What? As I wrote RV770 could handle up to 256 wavefronts (which would be 16384 "threads" or better work items). The 192 number being tossed around has to be some counting of how many wavefronts the command processor of Latte can handle. But 192 still appear like a lot compared to the 256 of RV770, or it is a bit unflexible and separate accounts exist for vertex, geometry and pixel shaders (64 tops for each, that would be a somewhat reasonable count) as bgassassin may have implied.
Without the appropriate context, it could mean almost anything. I mean, the register files of the VLIW architectures all have this 4way banked register file structure. And for each physical unit there are always four sets of registers for the four work items processed by one unit over 4 cycles (the latency is actually 8 cycles and two wavefronts are always executed in an interleaved manner, but anyway).
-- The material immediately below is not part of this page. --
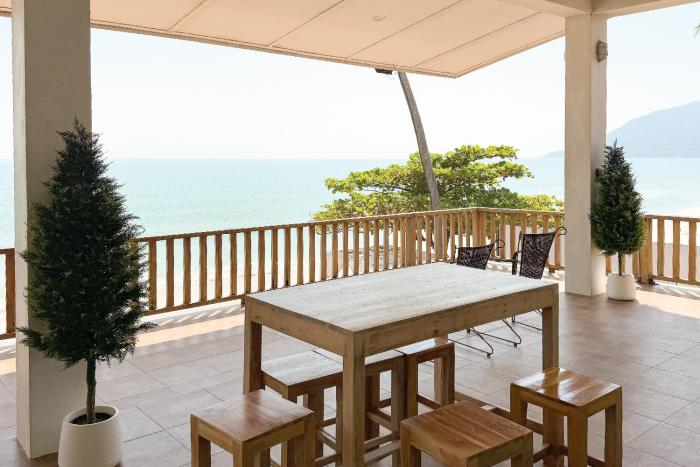 khanom paradise resort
The E6760 has just 6 SIMDs (480 ALUs), so the aggregate size of the register files is 1,5MB, but per unit it is the same as every other VLIW GPU (including Latte).
Ha ha, yeah, my bad, earlier in the thread conversation I found out Nintendo has decided to refer to warps, as threads now. I then commented on how horribly confusing that must be, and then spread horrible confusion.
Yes, 192 warps, 12,000 something threads. I believe you stated before, that was strangely high for a gpu the size of latte? I agree with that, I figure there must be a reason why. The context is clearly whats missing, and what Im spitballing to try and get a handle on.
From what I gathered of BG's info, the geometry shaders if utilized, took 36 warps from the max warp count, while the pixel and vertex shaders shared what was left (no structure was given) of the 156 warps, while when geometry shaders are disabled they had full access to all 192.
It does seem like an awful lot, but according to this link (in Appendix D), even 80 shader parts have the 192 global limit. AMD must scale it funky or somehow lower shader parts can benefit from the spare wavefronts queued up in cache?
http://developer.amd.com/download/AMD_Accelerated_Parallel_Processing_OpenCL_Programming_Guide.pdf
Could the rumour of extra register memory on latte be used with those queued up warps to move dependencies out of the alu, move in a warp without dependencies from queue, so that the alu's can operate at/closer to peak use, and then insert the formerly dependant warp back in once its been resolved?